Weight Gain During Pregnancy Links To Bigger Babies
According to a new study, expected mothers gaining 40 pounds or more during pregnancy results in 9 pound or more babies and increasing health risks for both the mother and child.
Excessive pregnancy weight gain and big babies have often been linked, says Teresa Hillier, MD, senior investigator at the Kaiser Permanente Center for Health Research, Portland, Ore., and the study’s lead author.
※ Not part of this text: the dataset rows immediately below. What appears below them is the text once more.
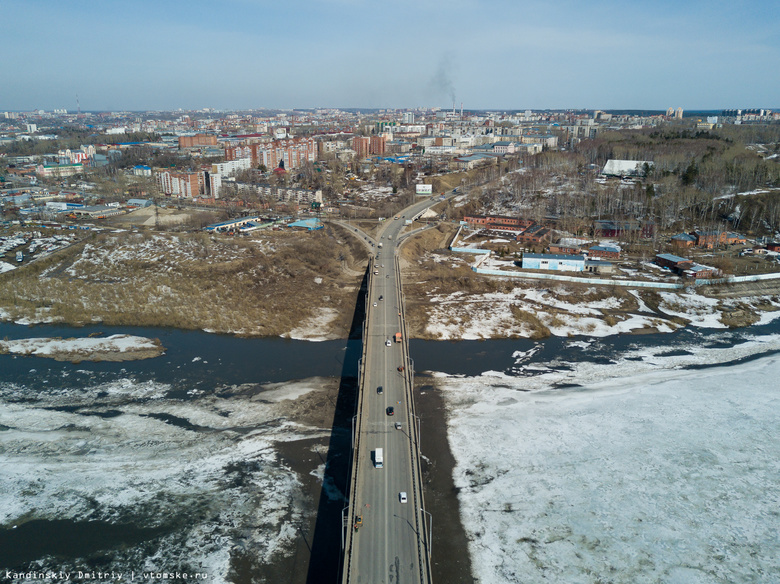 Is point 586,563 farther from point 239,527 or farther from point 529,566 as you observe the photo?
point 239,527

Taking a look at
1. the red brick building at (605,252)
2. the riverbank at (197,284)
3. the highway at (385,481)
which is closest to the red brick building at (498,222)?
the red brick building at (605,252)

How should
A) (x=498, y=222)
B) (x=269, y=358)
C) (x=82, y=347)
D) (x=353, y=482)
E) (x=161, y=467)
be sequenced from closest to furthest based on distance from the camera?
(x=353, y=482) → (x=161, y=467) → (x=269, y=358) → (x=82, y=347) → (x=498, y=222)

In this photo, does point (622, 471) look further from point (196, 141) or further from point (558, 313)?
point (196, 141)

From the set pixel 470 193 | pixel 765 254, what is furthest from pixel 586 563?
pixel 470 193

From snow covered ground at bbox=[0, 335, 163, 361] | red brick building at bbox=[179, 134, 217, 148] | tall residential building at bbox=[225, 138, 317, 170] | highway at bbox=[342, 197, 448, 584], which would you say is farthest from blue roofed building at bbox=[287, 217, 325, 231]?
red brick building at bbox=[179, 134, 217, 148]

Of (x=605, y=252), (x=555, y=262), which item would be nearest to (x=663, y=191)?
(x=605, y=252)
Researchers have also known that women who develop diabetes during pregnancy, called gestational diabetes, are more likely to deliver heavier babies, Hillier states.
But the new study is believed the first to conclude that women who gain excessive weight during pregnancy are even more likely to have heavier babies than women treated for gestational diabetes who don’t gain excess weight.
“More than one in five women gain too much weight during pregnancy and only 5% have gestational diabetes,” Hillier tells states. The study, she says, points to the need for all women to follow recommendations about not gaining excessive amounts of weight.
Pregnancy Weight Gain & Big Babies: Study Details
Hillier and her colleagues followed 41,540 women who gave birth to singleton babies in Washington, Oregon, and Hawaii from 1995 through 2003. They used patient medical records and birth certificates to note the mother’s weight gain and the baby’s birth weight.